WORK INSTRUCTION →
Starting with the line that includes "Nutraxin Nadh Collagen", write out every remaining line of the records below exactly as it appears, leaving out any images.

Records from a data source
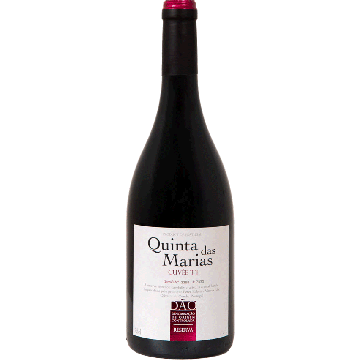 Quinta Das Marias Cuvee Red 2021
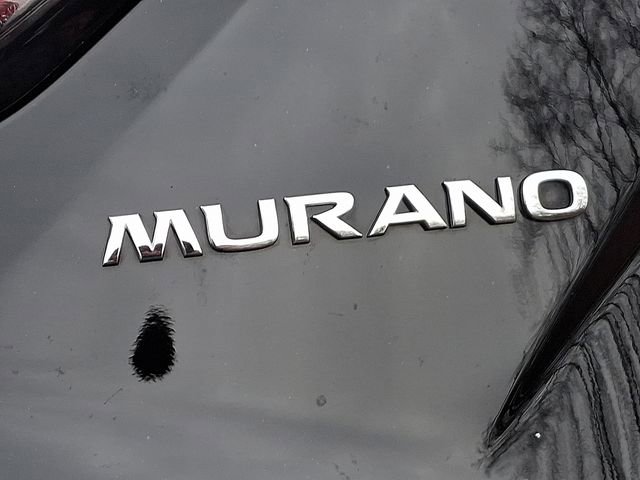 Used 2024 Nissan Murano SV image 30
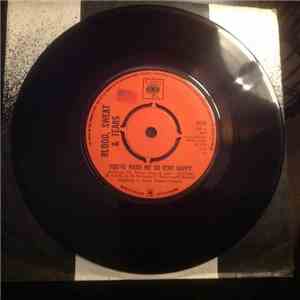 Blood Sweat & Tears - You've Made Me So Very Happy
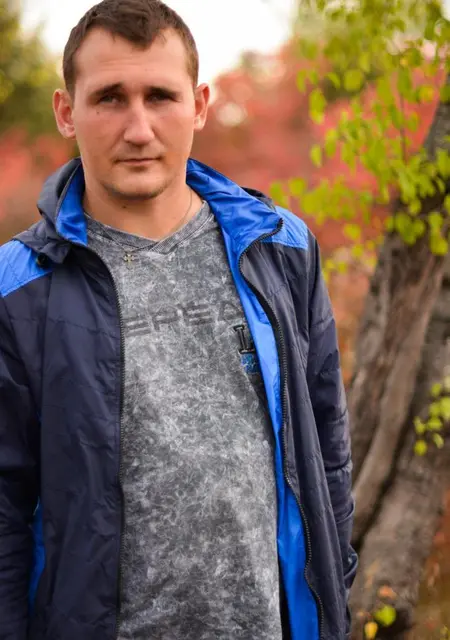 Я Артём, 35, из Бахчисарая, ищу знакомство для приятного времяпровождения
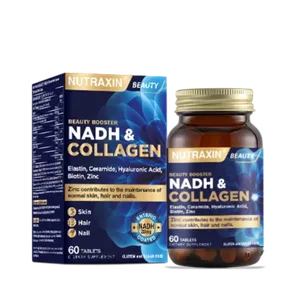 Nutraxin Nadh Collagen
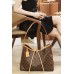 Louis Vuitton M46197 CARYALL Medium Exemption Version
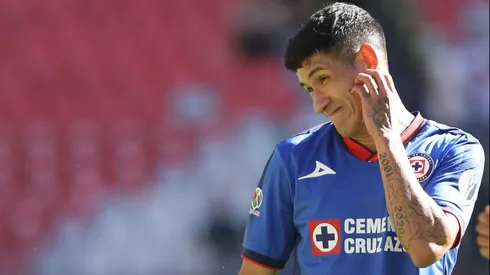 Cruz Azul podría salir del fondo de la Tabla.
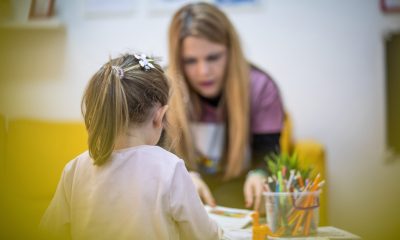 Providing childcare support can help solve inflation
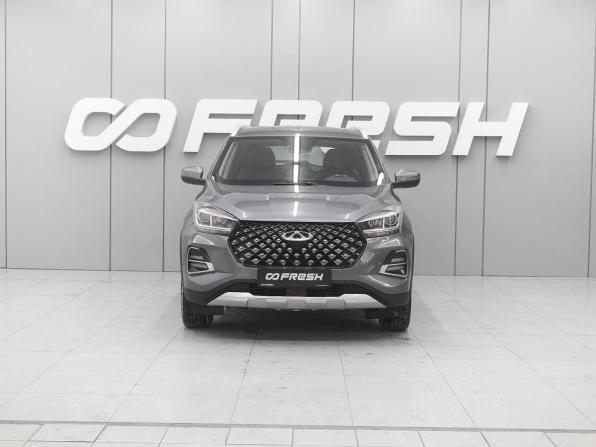 Chery Tiggo 4 Pro I с пробегом 2023 года, цена 1 370 000 рублей, 32446 км, внедорожник, Автокод Объявления
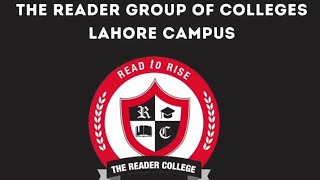 The Reader Group Of Colleges Demonstration 2022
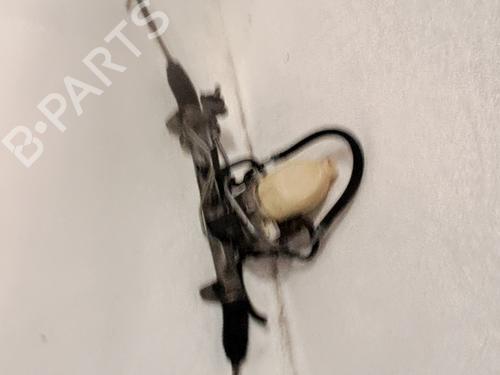 Tannstang/sevrosnekke OPEL VECTRA C GTS (Z02) 1.9 CDTI (F68) | BP30921373M22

ANSWER BOX →
 Nutraxin Nadh Collagen
 Louis Vuitton M46197 CARYALL Medium Exemption Version
 Cruz Azul podría salir del fondo de la Tabla.
 Providing childcare support can help solve inflation
 Chery Tiggo 4 Pro I с пробегом 2023 года, цена 1 370 000 рублей, 32446 км, внедорожник, Автокод Объявления
 The Reader Group Of Colleges Demonstration 2022
 Tannstang/sevrosnekke OPEL VECTRA C GTS (Z02) 1.9 CDTI (F68) | BP30921373M22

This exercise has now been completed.